Independentemente de quem vencer a eleição presidencial, é pacificado que a regra que segura os gastos públicos será revista. Ao todo, entre o presidente Jair Bolsonaro (PL) e o ex-presidente Luiz Inácio Lula da Silva (PT), são quatro propostas, com um denominador comum: permitir o crescimento das despesas acima da inflação, o que hoje é proibido. No que se diferem, segundo o jornal Estado de S. Paulo, a equipe de Bolsonaro trabalha para atrelar a nova regra ao endividamento, enquanto a de Lula estuda retomar o superávit primário como o balizador das contas públicas.
Na agenda econômica, a definição da nova âncora fiscal em substituição ao teto de gastos é tema central e alvo da atenção dos agentes econômicos pelo impacto na definição das políticas públicas e dos programas.
Quem for eleito terá de mudar a Constituição. E para isso precisará do apoio do Congresso a uma Proposta de Emenda à Constituição (PEC). O Estadão procurou as duas campanhas para obter informações oficiais sobre os planos para o novo arcabouço fiscal e não obteve resposta. A reportagem conversou com integrantes da equipe econômica de Bolsonaro e da campanha de Lula para aprofundar os rumos das discussões (veja no quadro detalhes de cada proposta).
A discussão nas equipes
No time do ministro da Economia, Paulo Guedes, os técnicos do Tesouro Nacional apresentaram internamente uma proposta e a Secretaria de Política Econômica (SPE) antecipou detalhes do seu modelo em evento não oficial. As duas abrem espaço para ampliar gastos em 2023 já contratados, como o Auxílio Brasil de R$ 600, mas mantêm um controle do endividamento por meio de regra de despesa.
O desenho da nova regra do Tesouro é mais rígido. Já a regra desenhada pela SPE é adaptada à estratégia de Guedes de vincular o arcabouço fiscal às privatizações e aos desinvestimentos das estatais.
Do lado da campanha de Lula, uma ala não vê necessidade de nova regra para limitar gastos, já que a responsabilidade fiscal estaria centrada no regime de superávits primários (receitas menos despesas sem levar em conta os gastos com juros).
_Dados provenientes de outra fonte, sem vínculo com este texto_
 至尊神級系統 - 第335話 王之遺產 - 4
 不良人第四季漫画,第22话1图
Outro grupo defende a combinação de regra de gasto com crescimento real e meta de primário flexível para acomodar o limite de gasto mesmo com receita frustrada.
A visão de economistas
Após o teto ter sido furado várias vezes desde que entrou em vigor, em 2017, economistas de fora das duas campanhas têm defendido regras mais simples.
Em entrevista ao Estadão, depois de declarar apoio a Lula, o economista Pérsio Arida defendeu uma regra simples. “Superávit primário, dívida pública são variáveis que dependem de muitos outros fatores. Acho muito ruim prescindir de qualquer regra de controle de gasto”, disse Arida, que defendeu em documento com outros cinco colegas um programa de gastos de R$ 100 bilhões por ano fora do teto até que seja definida uma regra fiscal.
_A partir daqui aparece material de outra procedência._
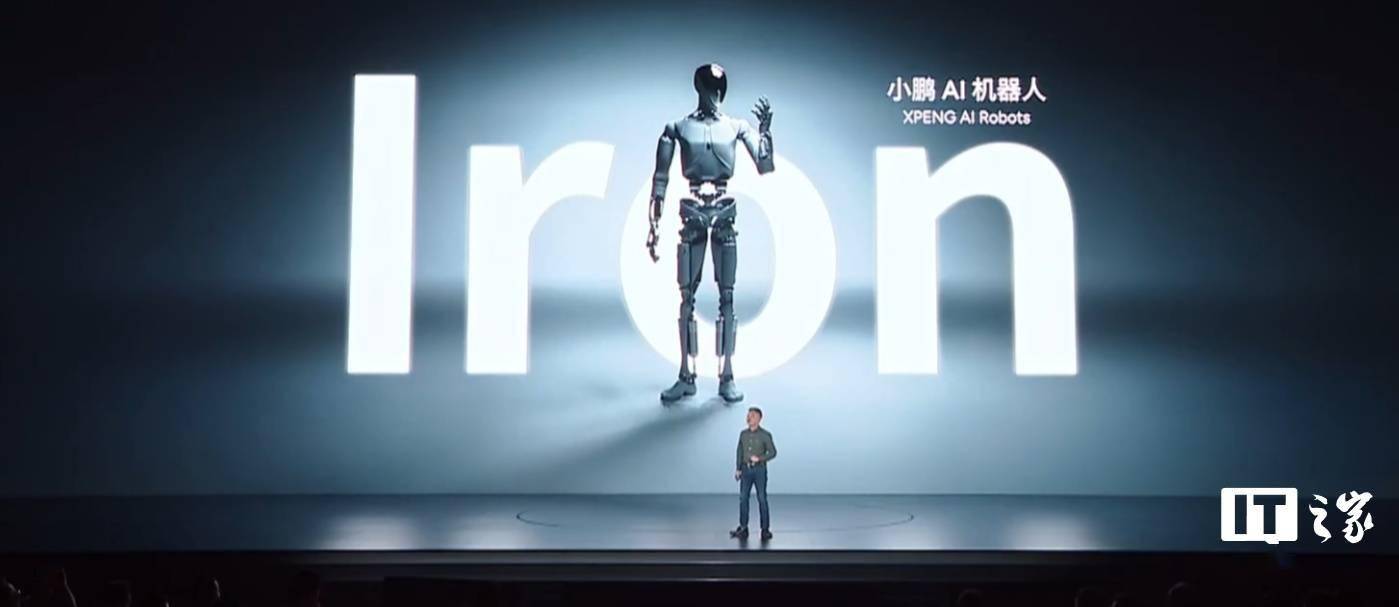 小鹏AI 机器人Iron 亮相：身高178cm，拥有62 个主动自由度_搜狐网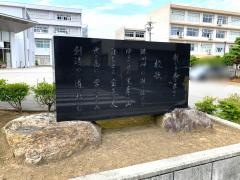 珠洲市立宝立中学校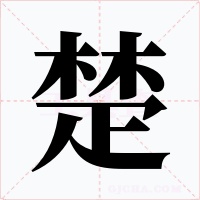 楚字的字形和写法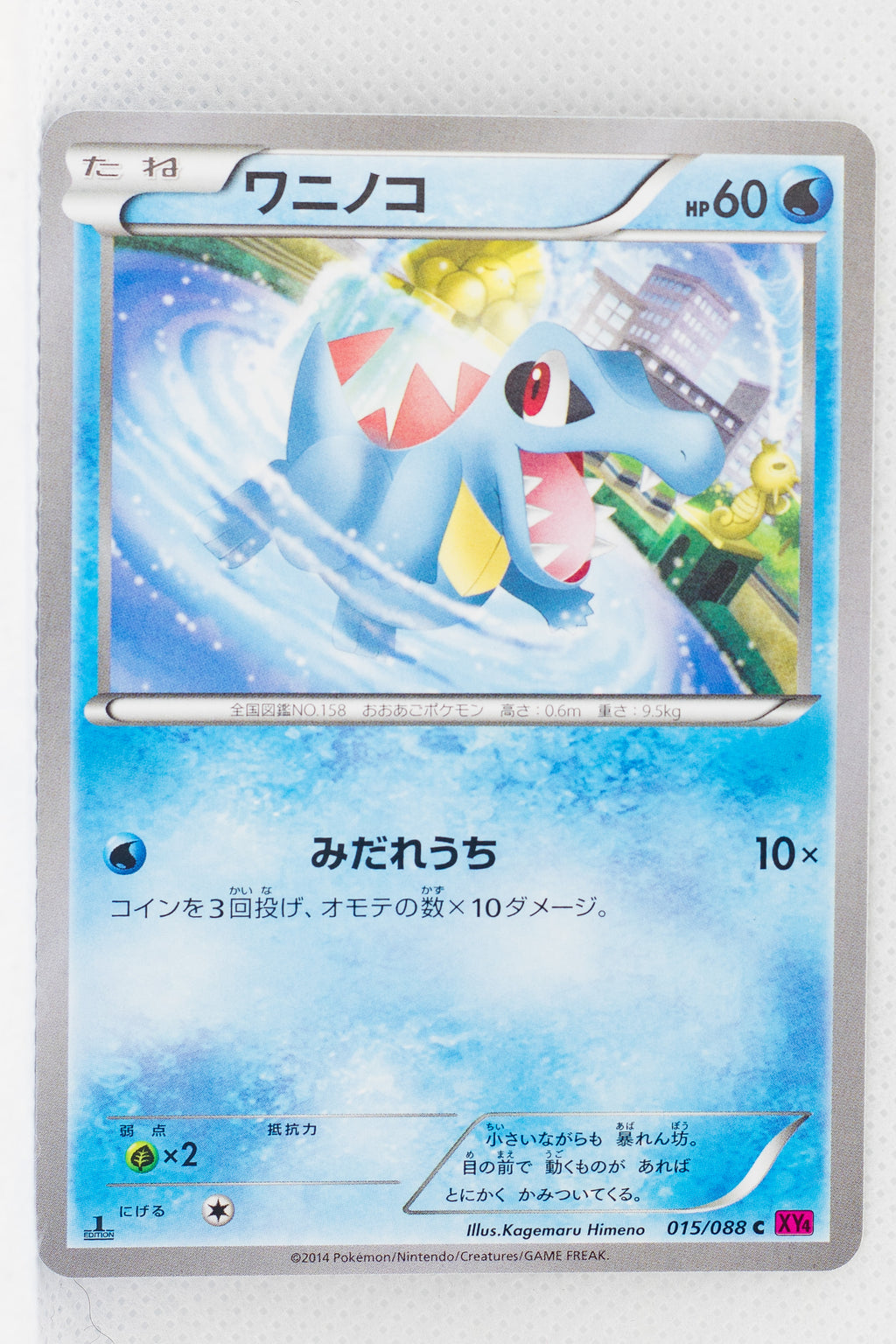 XY4 Phantom Gate 015/088 Totodile 1st Edition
Secretário de Fazenda de São Paulo, Felipe Salto avalia que a melhor regra fiscal deve combinar simplicidade, aprendizado com as experiências passadas e algum grau de “contraciclicalidade”. Ou seja, uma regra que permita o aumento de gastos em momentos de queda da atividade econômica.
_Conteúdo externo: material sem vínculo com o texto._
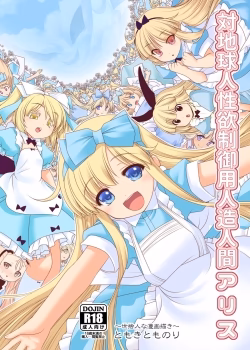 Tai Chikyuujin Seiyoku Seigyo You Jinzouningen Arisu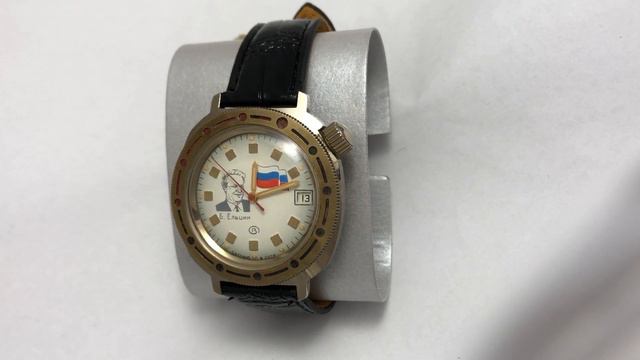 Командирские часы Ельцин СССР смотреть онлайн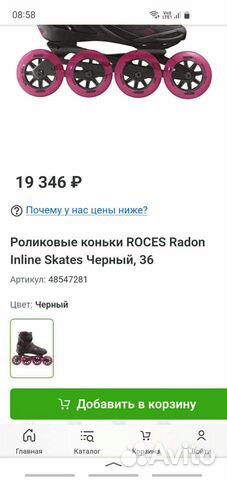 Ролики новые Roces radon inline 39 размер объявление продам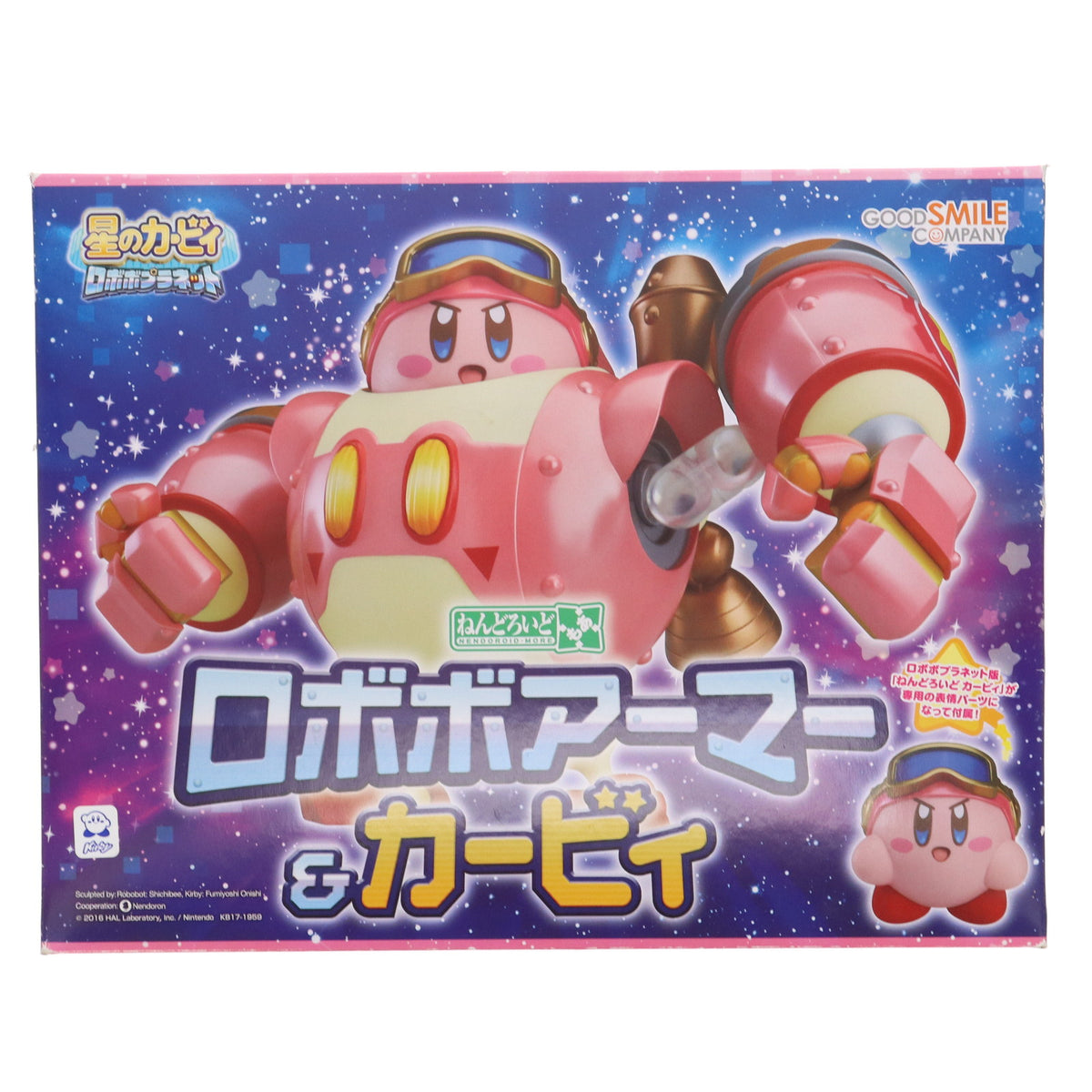 ★ねんどろいどもあ 星のカービィ ロボボプラネット Amazon.co.jp: ねんどろいどもあ 星のカービィ ロボボプラネット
O economista Nilson Teixeira, sócio da Macro Capital Gestão de Recursos, propõe a volta da regra de metas plurianuais de superávit primário, convergindo para superávit primário de 2,5% do PIB em 2026 e limites para a expansão de despesas, como salários do funcionalismo, gastos com a Previdência, entre outros.
“O debate sobre o novo regime fiscal tem sido malconduzido, como se a discordância fosse com a existência de um teto para o gasto, quando a real divergência sempre foi com a imposição de uma regra tão rígida que reduziria muito drasticamente os investimentos e inevitavelmente acabaria tendo de ser revista depois de alguns anos”, diz o economista Sergio Gobetti, que estuda os modelos de regras fiscais em outros países e defende regras fiscais semelhantes à União Europeia, onde os resultados fiscais podem variar com o ciclo econômico e a despesa é limitada a crescer não mais do que o PIB de longo prazo.